The guillotine at work, cutting spinach tagliatelle.Credit…Daniel Terna

When she’s not in the kitchen, Sarah is up front helping customers, greeting neighbors and suggesting sauce and pasta combinations. On this wintry day, people are chatting as they browse the shelves, wheeling in babies, inquiring about friends and relatives and how local businesses are surviving the pandemic. A couple of tourists who have wandered in look puzzled at what appears to be a party in a pasta shop.

Both Andrew and Sarah are deeply invested in the neighborhood. As a boy, Andrew played basketball at the courts on the corner of West Houston and Sixth Avenue. “As I got older, I would stay out until one or two in the morning, and instead of going home before work, I’d just say, ‘Time to make the tortellini’” he recalls. Later, when he and Sarah’s mother split up, he raised Sarah in an apartment above the store, with help from his parents, who also lived in the building. Like Andrew, Sarah attended Our Lady of Pompeii School just a few blocks away on Bleecker Street. “After school, she would go to Caffe Dante on Macdougal for ice cream,” Andrew says. And now Dante, in its new incarnation as a prizewinning purveyor of cocktails and small plates, buys its pasta from Raffetto’s. “We used to make our own fresh pasta, but then we realized Raffetto’s was better in terms of both quality and quantity,” says Linden Pride, who co-owns Dante with his wife, Nathalie Hudson. “Considering we are essentially on the same block, and both businesses have been in the vicinity for 100 years, we’re very proud to be able to support them.”

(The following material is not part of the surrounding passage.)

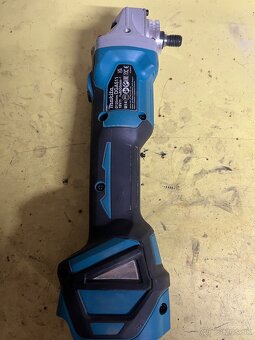 Makita DGA511-NEFUNKČNÁ - 2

Andrew’s mother, Romana Raffetto, at the store circa 1978.Credit…Courtesy of Raffetto’s

Although people often think of New York’s Italian neighborhood as being farther east and south, its last remaining blocks clustered around Mulberry and Grand, there was also a Greenwich Village Italian community. At the beginning of the 20th century, small businesses boomed along West Houston, Bleecker, Carmine and Sullivan Streets. Families who lived in the old tenements there all knew each other. The area was also the bohemian heart of Greenwich Village, where writers and artists discovered cheap Italian food at restaurants with candles in Chianti bottles. The two worlds met, too, at the old coffee houses like Le Figaro Cafe, at the corner of Bleecker and Macdougal.

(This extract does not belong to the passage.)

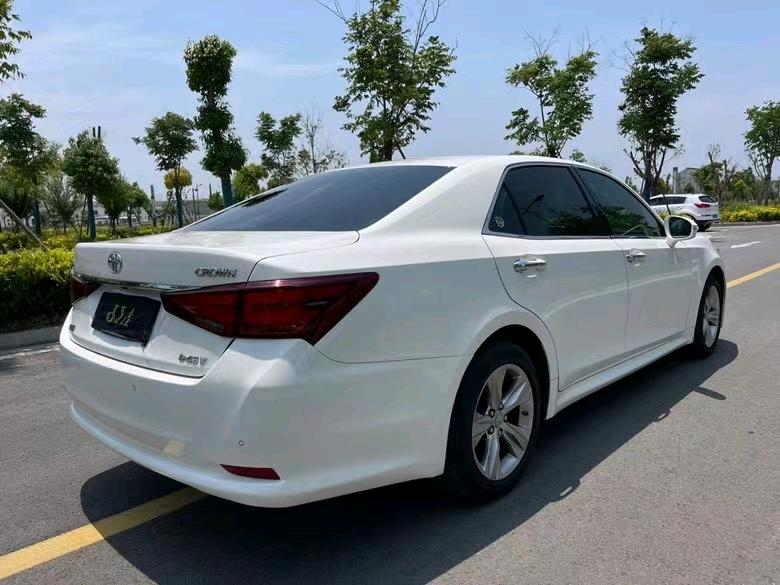 盐城16年丰田皇冠8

Because she wants everyone to experience the world she grew up in, Sarah created an events and pop-up dinner company, Petite Pasta Joint, in 2019 with her business partner, Emily Fedner. At least once a month, 24 ticket holders — “We sell out in about eight minutes,” says Fedner — find themselves in Raffetto’s, where a long table is set for dinner. The lights go up. The music goes on. And the two women cook and serve Italian dishes, of course — sweet corn raviolo al uovo in brown butter, black pepper-infused tagliarini cacio e pepe and shrimp scampi — but Fedner, the daughter of a Russian Jewish family, also adds takes on the food from her own culture, which tend to include a liberal amount of preserved fish.

In the prepared foods fridge, boxes of lasagna and wedges of cheese.Credit…Daniel Terna
Sarah at the stove in the back of the shop cooking fresh spinach tagliatelle.Credit…Daniel Terna

For my part, Raffetto’s has cured me of a terrible ailment I rarely admit to: I really don’t like to cook. I feel the pressure; I hear in my ear a score of tetchy pundits who say everyone should be able to cook and, worse, that you should take refuge in its joys. But this is New York. What’s wrong with takeout?

The following Saturday night, as I now often do, I think of Sarah’s reassuringly simple instructions when I open the packages of Gorgonzola and ravioli I picked up at Raffetto’s for dinner at home with friends: “Just drop them straight from the freezer into a pot of boiling water: eight minutes.” I do exactly that, then bathe them in a little sweet butter; it’s perfect. Afterward, we share tubs of ice cream in two new flavors that Sarah has concocted — one a rich chocolate seasoned with the oil used to make the Genoa toast the shops also sells, the other a homage to her grandma’s zucchini cake. Both are rich, creamy and a little spicy, and for a few hours the voices in my head are mercifully quiet.